I was interested in the phrase, “people with a “little bit of grit under their fingernails” appearing in the New Yorker magazine’s (March 14) article titled, “American Ads, American Values.” It reads;
“In an interview with Michael McCarthy, of Ad Age, Cadillac’s
advertising director, Craig Bierley, said that “Poolside” was pitched
at consumers who earn around two hundred thousand dollars a year,
people with a “little bit of grit under their fingernails” who “pop in and out of luxury.” He also said, “These are people who
haven’t been given anything. Every part of success they’ve achieved
has been earned through hard work and hustle.”
http://www.newyorker.com/online/blogs/currency/2014/03/american-ads-american-values.html
I surmise ‘have grit” means “have courage / guts.” Though it sounds “catchy “as an ad director’s parlance, I wonder if “have a little bit of grit under one’s fingernails” is common phrase or not.
Is “under one’s fingernails” acknowledged suffix to “a bit of grit,” or just an optional use?
Answer
Grit under the fingernails is a fairly standard American expression. It means that the hands have gotten dirty by performing manual labor.

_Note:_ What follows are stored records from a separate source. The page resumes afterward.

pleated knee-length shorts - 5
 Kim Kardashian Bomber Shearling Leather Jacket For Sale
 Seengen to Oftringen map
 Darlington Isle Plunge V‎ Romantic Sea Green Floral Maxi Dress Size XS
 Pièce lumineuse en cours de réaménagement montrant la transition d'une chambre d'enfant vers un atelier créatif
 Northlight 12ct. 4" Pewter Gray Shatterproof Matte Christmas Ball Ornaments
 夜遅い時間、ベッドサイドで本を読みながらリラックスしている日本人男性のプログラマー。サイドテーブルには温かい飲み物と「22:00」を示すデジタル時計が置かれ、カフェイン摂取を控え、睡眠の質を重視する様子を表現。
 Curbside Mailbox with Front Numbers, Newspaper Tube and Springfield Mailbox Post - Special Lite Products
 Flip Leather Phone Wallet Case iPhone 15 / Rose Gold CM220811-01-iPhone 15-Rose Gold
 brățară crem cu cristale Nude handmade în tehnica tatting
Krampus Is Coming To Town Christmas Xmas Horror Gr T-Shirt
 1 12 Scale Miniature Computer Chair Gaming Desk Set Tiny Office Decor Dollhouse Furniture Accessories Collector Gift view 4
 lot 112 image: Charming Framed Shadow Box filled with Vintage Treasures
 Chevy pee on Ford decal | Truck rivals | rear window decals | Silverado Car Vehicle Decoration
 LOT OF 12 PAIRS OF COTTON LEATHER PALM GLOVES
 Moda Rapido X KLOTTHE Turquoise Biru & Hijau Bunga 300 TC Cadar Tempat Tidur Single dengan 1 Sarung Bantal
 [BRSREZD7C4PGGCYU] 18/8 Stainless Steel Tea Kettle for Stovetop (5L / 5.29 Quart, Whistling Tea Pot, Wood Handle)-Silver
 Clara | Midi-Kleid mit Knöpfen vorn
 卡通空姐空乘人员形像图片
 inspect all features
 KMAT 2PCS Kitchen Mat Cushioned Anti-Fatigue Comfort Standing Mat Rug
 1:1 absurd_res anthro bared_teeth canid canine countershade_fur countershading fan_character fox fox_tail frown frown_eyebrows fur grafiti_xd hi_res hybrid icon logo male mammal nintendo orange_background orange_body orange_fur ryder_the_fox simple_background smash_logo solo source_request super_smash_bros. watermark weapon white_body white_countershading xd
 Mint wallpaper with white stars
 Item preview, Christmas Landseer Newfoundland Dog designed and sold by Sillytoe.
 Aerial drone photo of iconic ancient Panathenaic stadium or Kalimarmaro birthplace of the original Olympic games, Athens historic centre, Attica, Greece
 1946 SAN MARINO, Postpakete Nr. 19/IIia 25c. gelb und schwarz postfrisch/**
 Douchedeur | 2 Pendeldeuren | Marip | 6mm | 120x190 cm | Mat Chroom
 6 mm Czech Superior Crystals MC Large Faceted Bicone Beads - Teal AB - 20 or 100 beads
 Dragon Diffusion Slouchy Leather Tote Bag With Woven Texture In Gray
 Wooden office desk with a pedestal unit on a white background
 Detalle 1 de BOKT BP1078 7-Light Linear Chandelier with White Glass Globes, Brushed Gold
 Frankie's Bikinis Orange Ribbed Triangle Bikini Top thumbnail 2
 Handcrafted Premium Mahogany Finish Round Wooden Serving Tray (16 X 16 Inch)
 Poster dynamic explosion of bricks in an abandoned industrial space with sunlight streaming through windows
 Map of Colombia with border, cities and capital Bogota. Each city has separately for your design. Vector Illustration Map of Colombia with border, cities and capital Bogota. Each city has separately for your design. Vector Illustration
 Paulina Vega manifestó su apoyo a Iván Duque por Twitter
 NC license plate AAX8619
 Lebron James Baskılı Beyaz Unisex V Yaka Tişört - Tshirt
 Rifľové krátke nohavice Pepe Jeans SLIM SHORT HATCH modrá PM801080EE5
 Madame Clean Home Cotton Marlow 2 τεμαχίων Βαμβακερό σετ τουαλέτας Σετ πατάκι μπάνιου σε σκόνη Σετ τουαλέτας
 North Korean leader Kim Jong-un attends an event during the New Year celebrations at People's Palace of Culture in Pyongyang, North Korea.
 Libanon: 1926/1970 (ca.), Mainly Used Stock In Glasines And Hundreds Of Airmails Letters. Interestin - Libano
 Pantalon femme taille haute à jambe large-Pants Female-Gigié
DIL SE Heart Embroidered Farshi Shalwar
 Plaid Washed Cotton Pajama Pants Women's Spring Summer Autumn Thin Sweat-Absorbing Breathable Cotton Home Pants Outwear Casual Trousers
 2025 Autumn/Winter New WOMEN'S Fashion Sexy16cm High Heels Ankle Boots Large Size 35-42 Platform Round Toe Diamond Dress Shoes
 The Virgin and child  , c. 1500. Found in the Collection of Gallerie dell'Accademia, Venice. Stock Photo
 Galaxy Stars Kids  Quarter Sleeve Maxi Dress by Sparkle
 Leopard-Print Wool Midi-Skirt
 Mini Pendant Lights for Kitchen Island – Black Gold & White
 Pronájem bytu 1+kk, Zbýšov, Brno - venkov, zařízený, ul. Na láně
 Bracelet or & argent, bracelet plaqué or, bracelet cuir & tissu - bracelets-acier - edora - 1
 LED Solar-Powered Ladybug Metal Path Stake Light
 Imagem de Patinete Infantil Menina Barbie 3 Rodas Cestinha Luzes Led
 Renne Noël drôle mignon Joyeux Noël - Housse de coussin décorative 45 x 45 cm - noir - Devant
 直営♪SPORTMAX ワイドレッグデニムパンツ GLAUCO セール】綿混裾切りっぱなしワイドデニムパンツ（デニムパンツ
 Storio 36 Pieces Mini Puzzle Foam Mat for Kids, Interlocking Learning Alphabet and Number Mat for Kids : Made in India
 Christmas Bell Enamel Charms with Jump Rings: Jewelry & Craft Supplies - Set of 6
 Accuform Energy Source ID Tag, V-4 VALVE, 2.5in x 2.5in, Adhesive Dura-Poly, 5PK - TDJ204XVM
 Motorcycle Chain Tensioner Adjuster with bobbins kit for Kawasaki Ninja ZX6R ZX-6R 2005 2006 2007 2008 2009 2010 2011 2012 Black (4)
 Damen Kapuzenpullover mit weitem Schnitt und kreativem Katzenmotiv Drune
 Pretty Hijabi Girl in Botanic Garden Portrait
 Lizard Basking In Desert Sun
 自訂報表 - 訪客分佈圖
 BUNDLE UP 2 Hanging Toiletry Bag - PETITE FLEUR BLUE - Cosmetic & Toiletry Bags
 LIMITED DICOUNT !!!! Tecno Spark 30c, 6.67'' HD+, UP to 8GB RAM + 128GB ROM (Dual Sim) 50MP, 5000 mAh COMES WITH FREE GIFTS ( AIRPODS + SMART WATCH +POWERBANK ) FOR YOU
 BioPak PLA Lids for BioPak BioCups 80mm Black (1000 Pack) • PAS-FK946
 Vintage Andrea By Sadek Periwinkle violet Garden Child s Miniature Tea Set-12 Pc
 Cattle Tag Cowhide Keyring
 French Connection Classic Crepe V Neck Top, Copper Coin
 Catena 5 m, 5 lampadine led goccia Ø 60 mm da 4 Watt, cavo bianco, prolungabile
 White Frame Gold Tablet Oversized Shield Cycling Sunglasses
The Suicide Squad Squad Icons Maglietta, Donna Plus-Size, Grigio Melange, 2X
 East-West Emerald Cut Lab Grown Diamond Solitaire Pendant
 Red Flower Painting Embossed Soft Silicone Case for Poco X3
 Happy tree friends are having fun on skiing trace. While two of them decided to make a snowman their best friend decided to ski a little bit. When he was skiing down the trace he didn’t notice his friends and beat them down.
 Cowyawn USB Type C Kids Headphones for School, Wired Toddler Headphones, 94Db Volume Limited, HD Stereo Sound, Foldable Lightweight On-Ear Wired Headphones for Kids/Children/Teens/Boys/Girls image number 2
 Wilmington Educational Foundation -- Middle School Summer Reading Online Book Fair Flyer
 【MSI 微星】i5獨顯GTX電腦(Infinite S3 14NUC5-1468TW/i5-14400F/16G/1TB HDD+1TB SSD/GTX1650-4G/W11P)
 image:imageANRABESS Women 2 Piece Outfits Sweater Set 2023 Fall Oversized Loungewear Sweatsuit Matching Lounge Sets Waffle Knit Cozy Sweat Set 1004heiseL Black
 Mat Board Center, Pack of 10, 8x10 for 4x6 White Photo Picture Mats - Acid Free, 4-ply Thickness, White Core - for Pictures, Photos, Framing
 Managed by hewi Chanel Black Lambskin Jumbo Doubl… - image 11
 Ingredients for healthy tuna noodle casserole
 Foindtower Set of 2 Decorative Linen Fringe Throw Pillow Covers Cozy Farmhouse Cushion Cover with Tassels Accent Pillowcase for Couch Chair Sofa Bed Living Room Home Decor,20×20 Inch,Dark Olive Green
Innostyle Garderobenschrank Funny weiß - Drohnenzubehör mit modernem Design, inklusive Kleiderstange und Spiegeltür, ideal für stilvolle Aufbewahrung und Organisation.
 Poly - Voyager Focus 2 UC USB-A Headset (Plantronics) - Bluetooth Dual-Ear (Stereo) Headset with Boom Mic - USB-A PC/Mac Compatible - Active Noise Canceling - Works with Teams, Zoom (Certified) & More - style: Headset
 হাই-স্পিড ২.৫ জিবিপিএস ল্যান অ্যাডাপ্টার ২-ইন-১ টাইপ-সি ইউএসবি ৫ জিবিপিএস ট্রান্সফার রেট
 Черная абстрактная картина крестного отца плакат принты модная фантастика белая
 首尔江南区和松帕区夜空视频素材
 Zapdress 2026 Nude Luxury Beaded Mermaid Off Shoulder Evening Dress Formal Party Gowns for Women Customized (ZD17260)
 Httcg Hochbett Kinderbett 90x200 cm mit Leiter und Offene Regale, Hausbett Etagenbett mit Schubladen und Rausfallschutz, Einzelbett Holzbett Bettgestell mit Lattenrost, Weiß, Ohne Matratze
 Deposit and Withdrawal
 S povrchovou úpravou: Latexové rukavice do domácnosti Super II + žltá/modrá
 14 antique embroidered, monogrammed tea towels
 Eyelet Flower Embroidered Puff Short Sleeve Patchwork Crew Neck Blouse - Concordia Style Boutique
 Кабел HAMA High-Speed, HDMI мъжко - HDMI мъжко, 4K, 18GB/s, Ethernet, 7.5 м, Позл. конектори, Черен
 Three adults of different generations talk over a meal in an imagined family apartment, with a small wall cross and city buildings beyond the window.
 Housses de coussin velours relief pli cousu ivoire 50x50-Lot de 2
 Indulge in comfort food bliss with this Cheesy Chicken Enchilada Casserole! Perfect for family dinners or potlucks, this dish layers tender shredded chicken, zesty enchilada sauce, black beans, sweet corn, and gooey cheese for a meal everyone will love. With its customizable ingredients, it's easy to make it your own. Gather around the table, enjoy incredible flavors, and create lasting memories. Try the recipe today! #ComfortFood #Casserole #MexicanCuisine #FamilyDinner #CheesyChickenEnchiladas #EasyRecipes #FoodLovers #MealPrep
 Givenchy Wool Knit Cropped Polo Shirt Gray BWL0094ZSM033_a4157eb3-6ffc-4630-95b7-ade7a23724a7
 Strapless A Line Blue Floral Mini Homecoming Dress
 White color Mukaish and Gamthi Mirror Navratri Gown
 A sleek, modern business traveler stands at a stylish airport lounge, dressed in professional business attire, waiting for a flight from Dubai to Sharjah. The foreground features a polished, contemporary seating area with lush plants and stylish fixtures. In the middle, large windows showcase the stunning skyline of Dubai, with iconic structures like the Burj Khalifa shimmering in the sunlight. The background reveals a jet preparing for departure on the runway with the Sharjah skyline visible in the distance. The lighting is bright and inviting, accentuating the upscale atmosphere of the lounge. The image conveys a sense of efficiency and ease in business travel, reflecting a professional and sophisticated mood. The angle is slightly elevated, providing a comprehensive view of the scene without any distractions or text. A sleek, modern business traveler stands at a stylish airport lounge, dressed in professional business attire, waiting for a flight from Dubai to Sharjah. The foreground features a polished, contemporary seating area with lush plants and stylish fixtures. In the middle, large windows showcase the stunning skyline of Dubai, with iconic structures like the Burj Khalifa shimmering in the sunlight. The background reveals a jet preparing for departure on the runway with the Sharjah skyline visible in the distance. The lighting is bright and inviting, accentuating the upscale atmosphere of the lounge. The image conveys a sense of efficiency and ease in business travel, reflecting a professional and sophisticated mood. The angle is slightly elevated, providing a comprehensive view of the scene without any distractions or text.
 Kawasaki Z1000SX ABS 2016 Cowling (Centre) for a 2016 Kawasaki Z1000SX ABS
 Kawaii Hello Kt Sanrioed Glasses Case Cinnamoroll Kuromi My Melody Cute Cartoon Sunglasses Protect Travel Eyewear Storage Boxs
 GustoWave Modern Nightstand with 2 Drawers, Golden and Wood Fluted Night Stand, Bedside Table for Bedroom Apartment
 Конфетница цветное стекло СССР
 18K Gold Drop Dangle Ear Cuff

The notion of the $200K salary mark equating with "a little bit of grit under the fingernails", is a cute one. What he's really implying is that these are upwardly mobile people who have worked their way up from manual laborers to earners. And, that they haven't quite cleaned the grit out of their fingernails, yet. (And, might even still do some manual labor when necessary.) These would be people who are now managers of people who do the type of work they used to do. Say, mid-level managers in an auto-factory.
This nuanced version of the original expression is not a standard expression. It requires the context and exposition around it to make people understand what it means.